What Sims 4 does do is lay the foundations for the numerous downloadable content (DLC) expansions to come. While swimming pools, toddlers, weather and the complete open world of Sims 3 neighborhoods are missing, Sims 4 does feature a segmented open world experience and the addition of emotions.

These emotions are about the only truly new mechanic introduced. When your Sim is inspired, their chance at creating masterpieces is much higher. The energetic mood allows Sims to do push ups or work out longer. Focused Sims read faster and tend to divert their attention by pursuing the sciences. Confidence boosts your Sim’s social interactions while embarrassment often makes your Sim want to hide alone in their bedroom. The emotions are overall fun and entertaining; they add some variety to Sims’ day-to-day actions, as well as adding some emotional consequences.
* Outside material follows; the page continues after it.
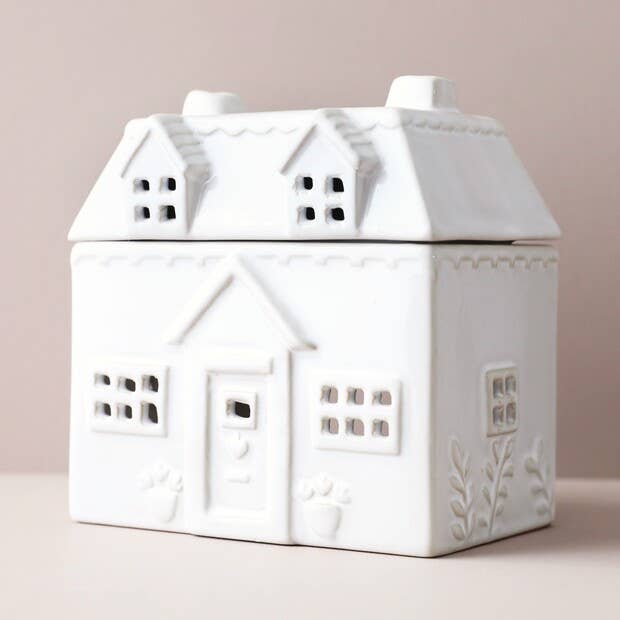 White ceramic house-shaped wax-melt burner on a light pink background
The other improvements in Sims 4 make the game easier on the eyes and easier to play. With multitasking, your Sim can do some actions simultaneously, like eating and talking to their family. This not only makes the gameplay more realistic, it also makes fulfilling Sims’ basic needs much easier. The game graphics are also greatly improved. While on a jog through the neighborhood, your Sim can even see the petals from a cherry blossom tree wafting down around them — a definite improvement to the ambiance of the environment. Pathing, or the way Sims move around objects and each other, is also improved upon, much to the delight of anyone who played previous versions of the Sims.

That said, the game is fairly rough for a big name release. Random glitches like silverware getting stuck in hands or phasing through counters interrupt gameplay. Travel between neighborhoods also frequently crashes the game — making going to the park, library or even another house in the same neighborhood frustrating.

The customization is also trimmed down across the board. This limits the appearance of your Sims and  their homes. Hopefully, DLC will expand on this, but fans are wary since previous versions of the Sims contained much more customization options in their base games.

All in all, Sims 4 isn’t a bad game. The $70 price tag is a little steep for the reduced content and abridged open world. If you’re a fan of the Sims, buy it, but wait until the price is a bit lower and it comes packaged with DLC. By then the game will hopefully have some neat player made content and a few bug fixes too.